29. April 2025
KAE Eupen

Der Himmel auf Erden in Japan

„Der Kunde ist König“ ist in Europa zwar ein weitverbreiteter Werbeslogan, aber nur in japanischen Convenience Stores wird er wirklich gelebt. Solche „Convenience Stores“, in Japan auch „konbini“ genannt, sind Einzelhandelsgeschäfte, die weit mehr als nur den täglichen Bedarf decken. Ursprünglich stammen „Convenience Stores“ aus den USA. Mittlerweile aber hat sich die Wirtschaftlichkeit des japanischen „Convenience Store“-Sektors so stark gesteigert, dass der amerikanische Marktführer 7-Eleven von einem japanischen Unternehmen aufgekauft wurde.

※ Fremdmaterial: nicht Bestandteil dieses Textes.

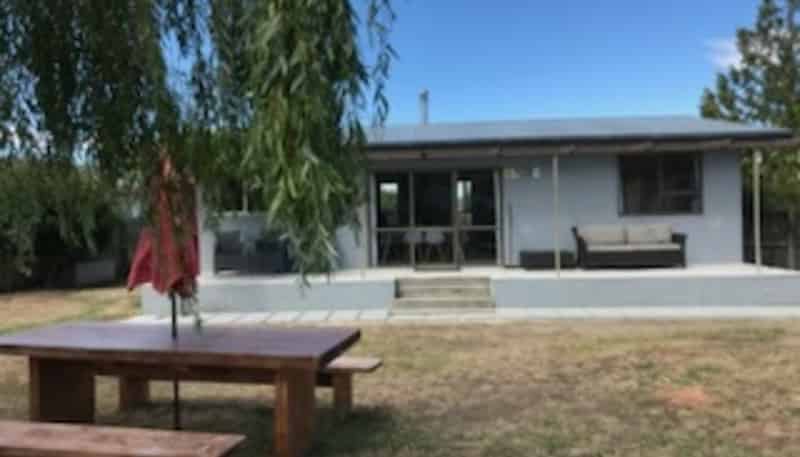 12 Waldron Place, Clyde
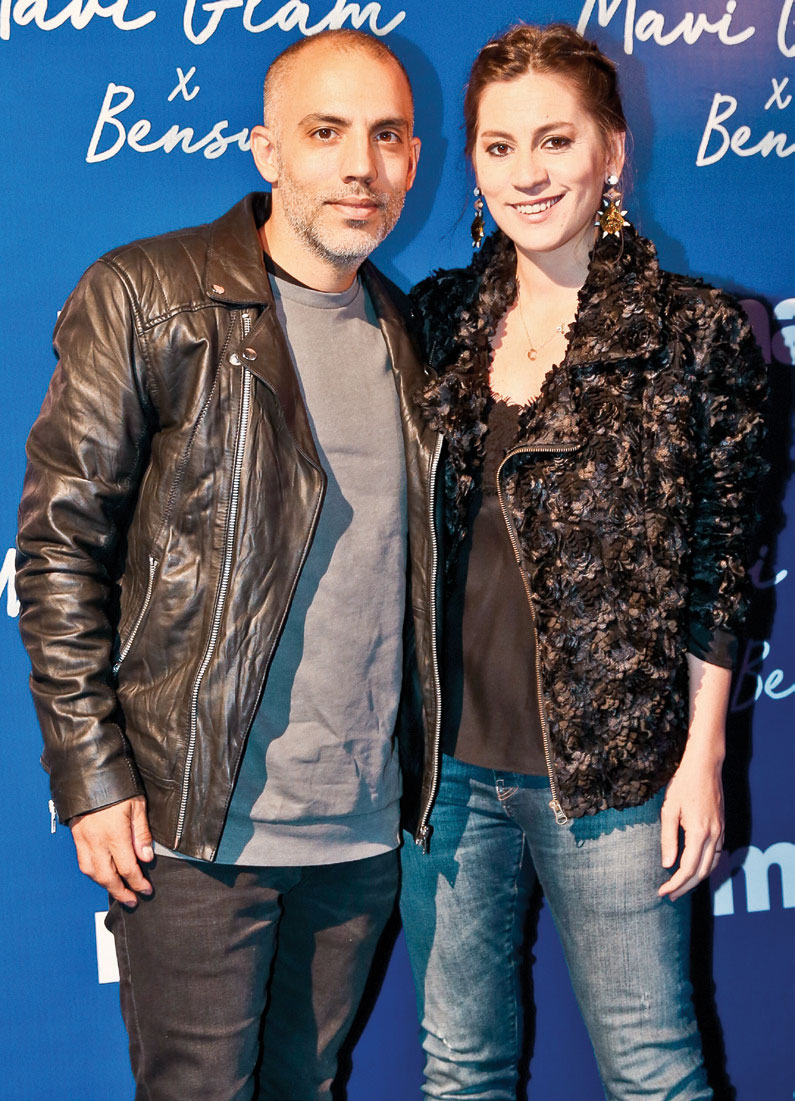 Yeni koleksiyon için ışıltılı davet 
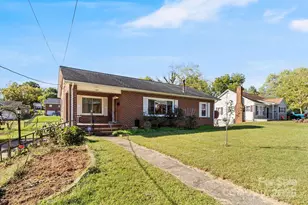 209 Park St, Morganton, NC 28655 - Photo 1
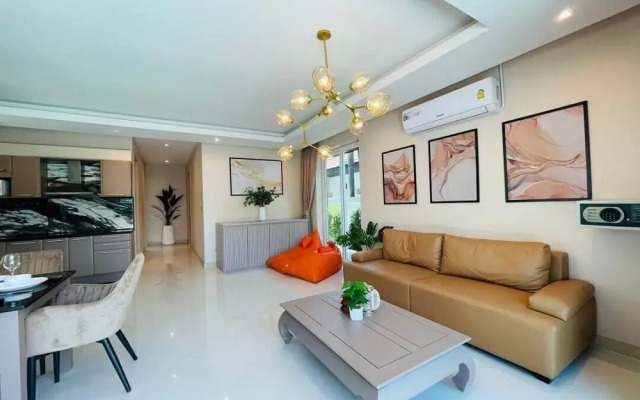 Palm Oasis Pool Villa by Pattaya Holiday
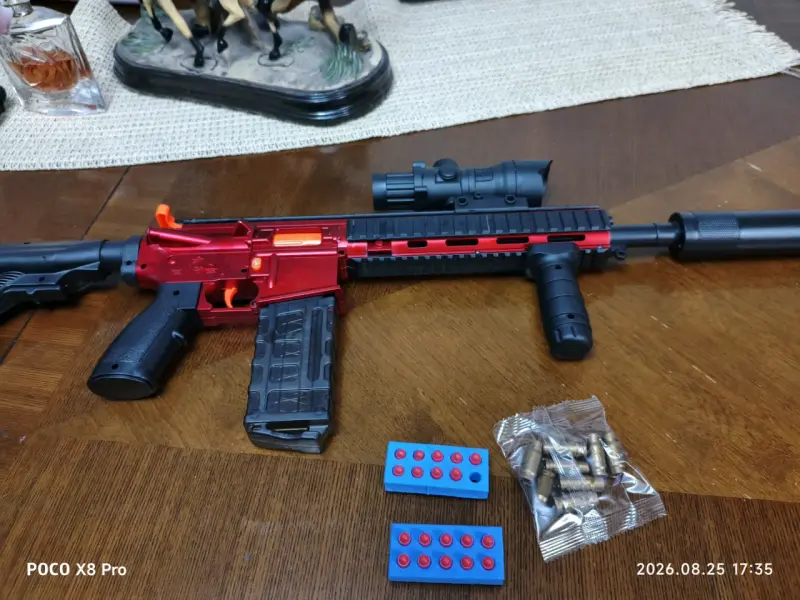 Rifle de juguete con mira telescópica y accesorios - 3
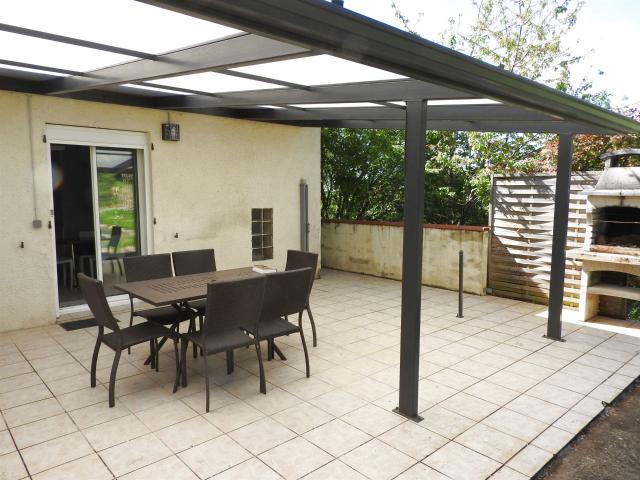 Maison Familiale avec appartement indépendant 221m² Saint Pierre Lafeuille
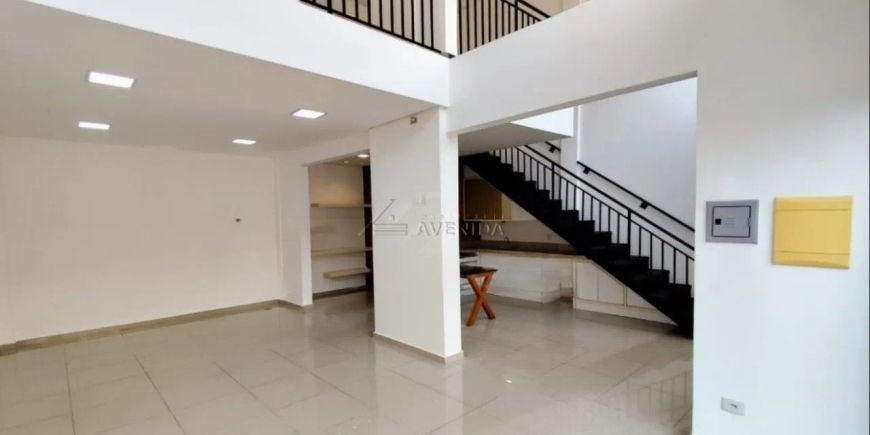 Loja 100m² com mezanino, Rua Jorge Velho entre Souza Naves e Mato Grosso, Londrina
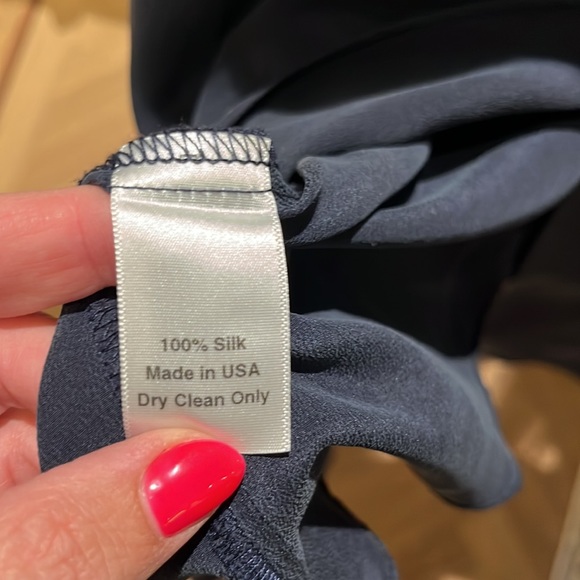 The Podolls Silk high/low hem shirt with slit back - Picture 5 of 5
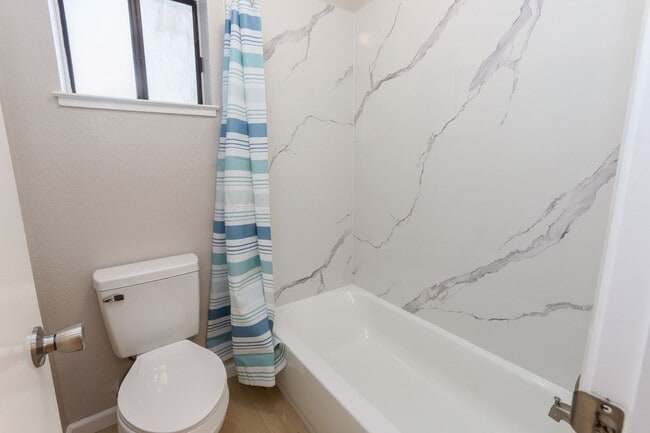 Building Photo - Sunny Potrero Hill 3BR / 1BA Townhome | Private Yard | YouTube Tour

Wie der Name es verrät, besteht ihr Ziel darin, so „convenient“ – also bequem – wie möglich zu sein. Dies erreichen sie dadurch, dass sie 24/7 geöffnet haben und für eine einfache Erreichbarkeit sorgen; denn bei rund 123 Millionen Einwohnern in Japan haben „Convenience Stores“ es geschafft, 56.000 Filialen aufzustellen. Außerdem bieten sie eine Produktpalette von 3.000 Artikeln an, die jährlich um zwei Drittel mit neuen Produkten ersetzt wird, um den sich ständig wandelnden Bedürfnissen der Japaner gerecht zu werden.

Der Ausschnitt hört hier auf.